> **PROBLEM TO WORK ON**:
In the records below, find the line with "შიგნით ტექსტის სხვადასხვა" and repeat exactly every line from it through the line with "自考金融管理：经济学课程简介 自考艺术设计科目：立体构成课程简介". Pictures stay out.

> **EXERCISE INPUT**:
⟨
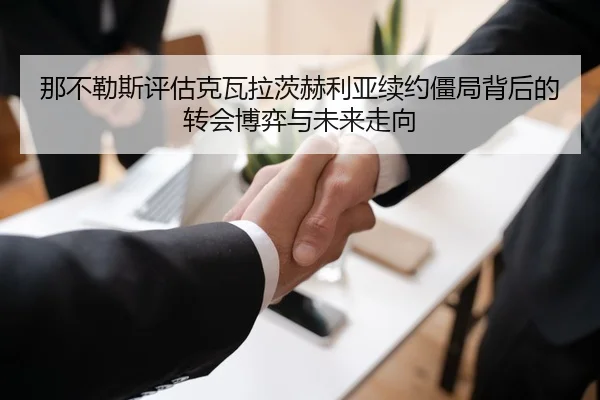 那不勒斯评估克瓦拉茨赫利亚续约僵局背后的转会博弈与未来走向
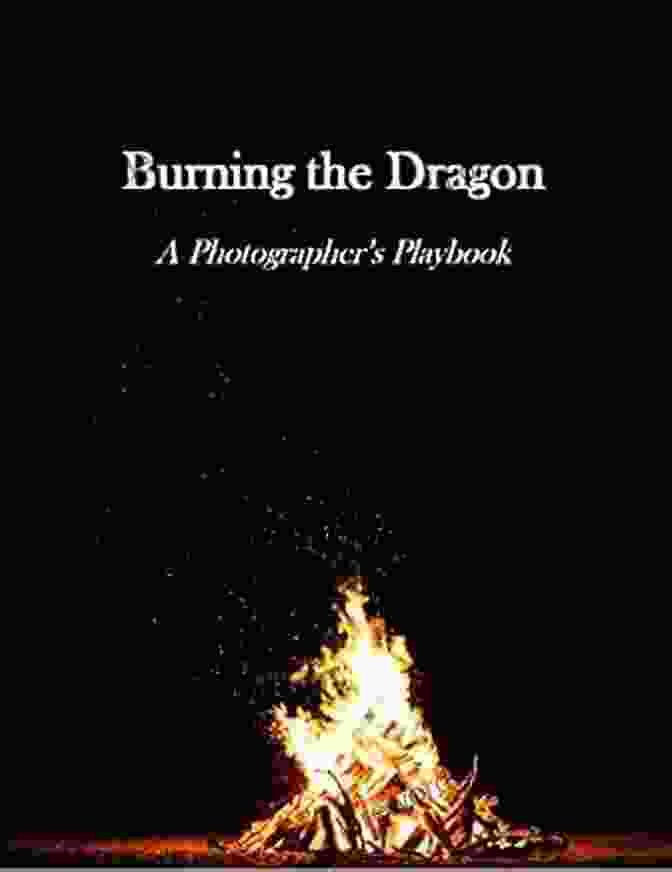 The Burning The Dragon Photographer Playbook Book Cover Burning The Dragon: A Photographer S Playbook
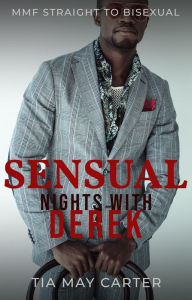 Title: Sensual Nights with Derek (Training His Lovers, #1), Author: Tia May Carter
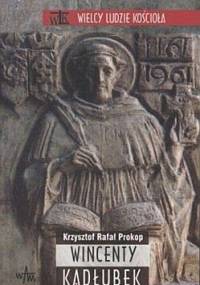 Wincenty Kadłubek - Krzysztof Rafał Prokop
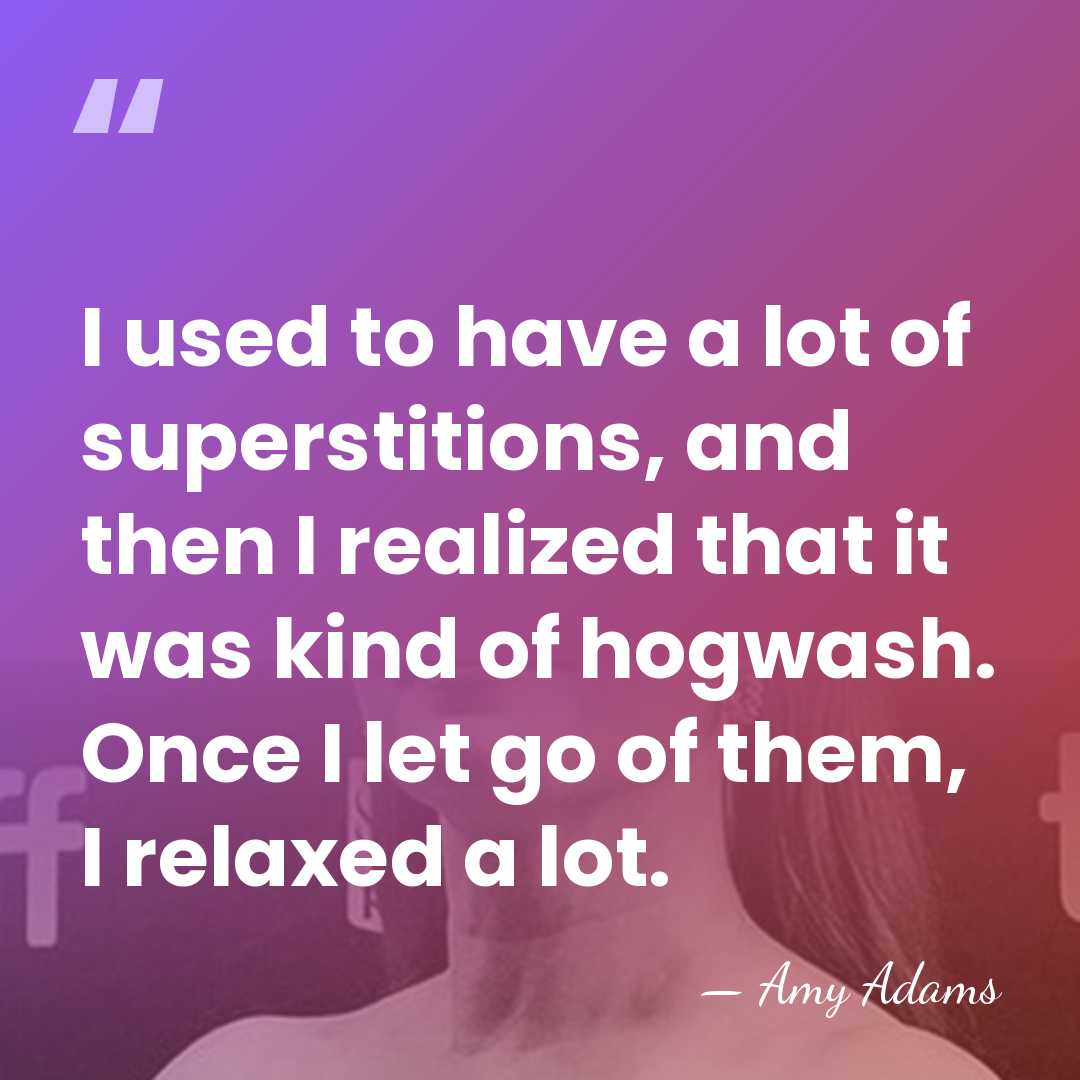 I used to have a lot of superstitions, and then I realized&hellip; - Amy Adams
⟩
⟨
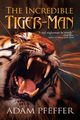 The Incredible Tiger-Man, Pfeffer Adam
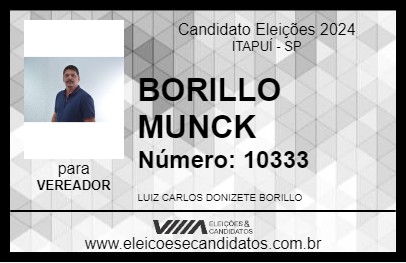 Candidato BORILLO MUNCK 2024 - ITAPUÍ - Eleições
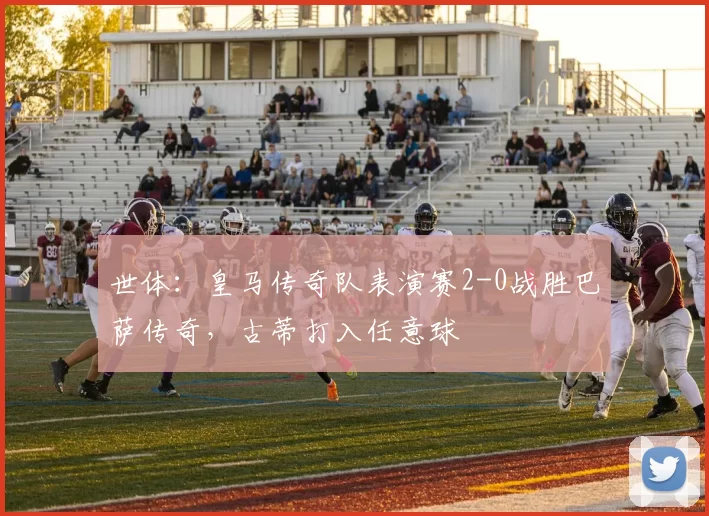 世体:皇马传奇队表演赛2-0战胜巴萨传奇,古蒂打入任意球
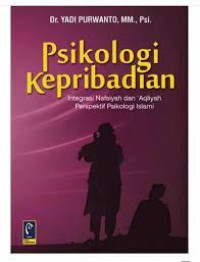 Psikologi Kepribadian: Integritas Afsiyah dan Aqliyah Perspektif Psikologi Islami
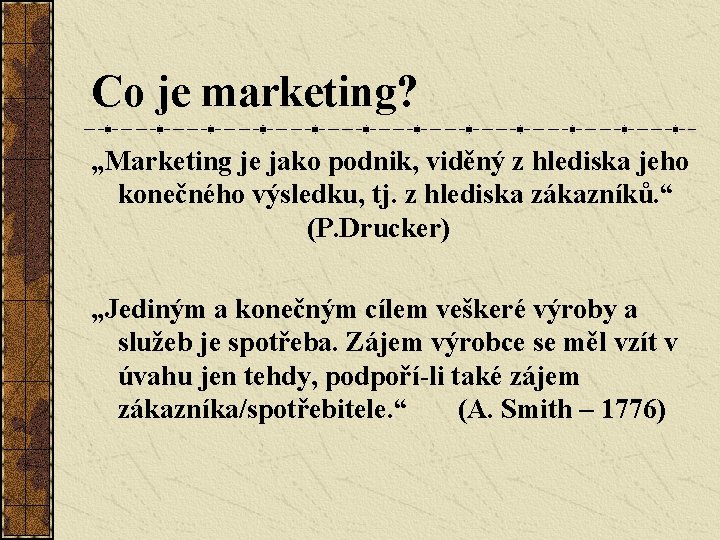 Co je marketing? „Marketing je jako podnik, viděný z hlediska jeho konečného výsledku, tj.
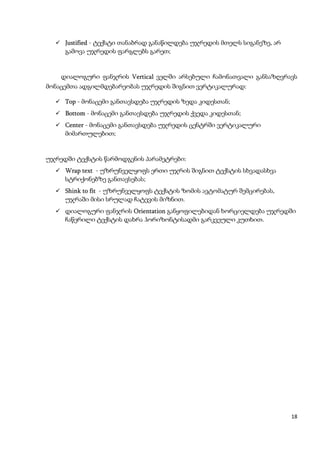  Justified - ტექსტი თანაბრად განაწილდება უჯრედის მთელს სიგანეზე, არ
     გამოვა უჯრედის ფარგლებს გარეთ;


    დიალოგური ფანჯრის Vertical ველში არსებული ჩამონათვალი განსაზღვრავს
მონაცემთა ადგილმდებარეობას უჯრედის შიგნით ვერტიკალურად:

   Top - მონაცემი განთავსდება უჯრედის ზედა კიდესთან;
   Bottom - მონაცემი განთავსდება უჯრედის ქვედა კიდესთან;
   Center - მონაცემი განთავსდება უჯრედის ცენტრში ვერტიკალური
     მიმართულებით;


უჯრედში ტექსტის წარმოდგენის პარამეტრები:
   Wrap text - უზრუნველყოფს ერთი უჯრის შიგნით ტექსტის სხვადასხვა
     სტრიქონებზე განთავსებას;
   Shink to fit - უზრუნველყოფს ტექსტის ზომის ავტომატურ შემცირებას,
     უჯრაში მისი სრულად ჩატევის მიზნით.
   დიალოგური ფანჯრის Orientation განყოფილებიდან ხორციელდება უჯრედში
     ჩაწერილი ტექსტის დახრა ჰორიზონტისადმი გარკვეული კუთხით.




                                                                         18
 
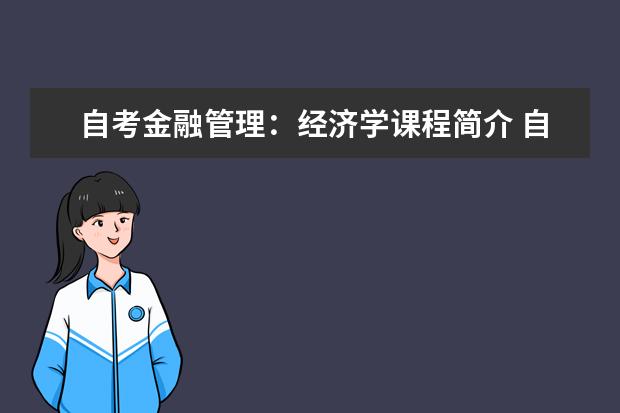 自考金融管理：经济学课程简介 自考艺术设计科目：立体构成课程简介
⟩
> **ANSWER TO THIS TASK**:
   Wrap text - უზრუნველყოფს ერთი უჯრის შიგნით ტექსტის სხვადასხვა
     სტრიქონებზე განთავსებას;
   Shink to fit - უზრუნველყოფს ტექსტის ზომის ავტომატურ შემცირებას,
     უჯრაში მისი სრულად ჩატევის მიზნით.
   დიალოგური ფანჯრის Orientation განყოფილებიდან ხორციელდება უჯრედში
     ჩაწერილი ტექსტის დახრა ჰორიზონტისადმი გარკვეული კუთხით.




                                                                         18
 
 自考金融管理：经济学课程简介 自考艺术设计科目：立体构成课程简介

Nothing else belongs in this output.